The idiot's law of duck hunting ("Just throw enough lead in the
air and eventually, you will hit _something_!") is your approach
to photography. You should learn to go for the deceicive moment,
not for machinegunning all the unimportant moments.
But I guess, you never will be able to understand that. So,
for you, here's a deceicive moment:
http://www.visindavefur.hi.is/myndir/kalda_stridid2_030304.jpg
Machinegunning wouldn't have worked (this scene was also recorded
on film (as in "moving pictures") --- which has about ZERO impact.
I doubt you can shoot more images/second than a movie camera.
That's the dilemma. I finally got the "ultimate" technique down pat
thanks to the new technologies.
You delude yourself. You are merely getting some marginally
acceptabe shots by accident.
I can't print that well cropped image because the proportions of the
Digital image is 2:3 but I can't readily print it without being forced
to crop and lose part of the image because Photo Paper is proportioned
4:5.
Oh, poooor you. My heart is bleeding. I cry when I think of
you. I fear I won't be able to sleep for a month, thinking
of your insurmountable problems.
NOT.
Learn to use your printing gear, or go have your shots printed
by a professional. Even better: have them use real photographic
paper and wet development. It ain't that hard. Learn to buy
the correct size of "Photo Paper", if you print yourself, or
learn to operate a paper cutting machine.

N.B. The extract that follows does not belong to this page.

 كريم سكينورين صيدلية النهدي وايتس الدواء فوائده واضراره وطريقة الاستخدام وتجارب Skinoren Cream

Until recently because of the Camera/Lens limitations we tended to
shoot and include much more of the subject knowing we would crop
later.
Crop because of lens/camera limitations? Which world do you
live in? Have you my permission to talk for me? Or from anyone
else to talk for them?
Have you ever heard of a thing called 'slides' and using a
'projector' to show them? Now, show me where people cropped there!

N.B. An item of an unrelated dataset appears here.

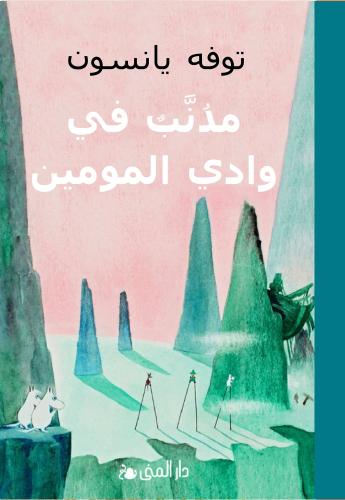 مذنب في وادي المومين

We had to because we simply couldn't compose accurately enough
fast enough.
Who is this we you are spluttering about? You just never
learned how to compose properly, that's all.
Now that you can achieve in camera cropping with frequent
success we are able to make use of all the pixels we see leading to
a better sharper overall image.
What im camera cropping are you talking about?

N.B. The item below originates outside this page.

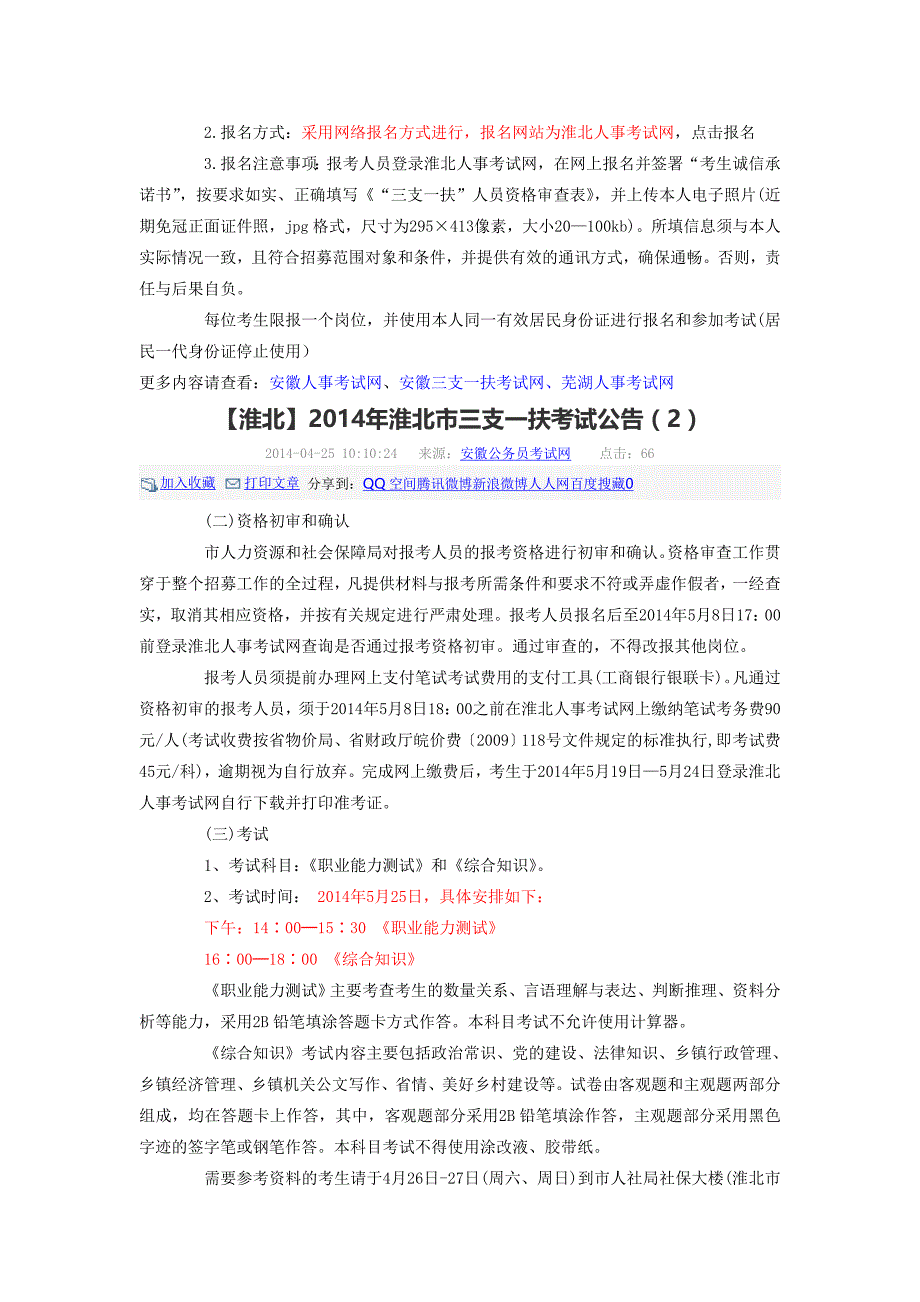 【淮北】2014年淮北市三支一扶考试公告_第2页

Now we need to make use of Photo
Paper to match our image media which cries out for a 8 x 12 Photo
Paper size. Epson or HP do not produce Photo Paper with 2:3 ratio yet
(except for their 4x6 size). This will happen when customers ask for
it.
Believe it or not there are anti-8 x 12 Photo Paper posters out there too.
Say, what have you been smoking, and have you anything left over?
I really would like to know what weed or chemical can produce
that kind of loss of reality!
Or perhaps, you are just a run-of-the-mill troll.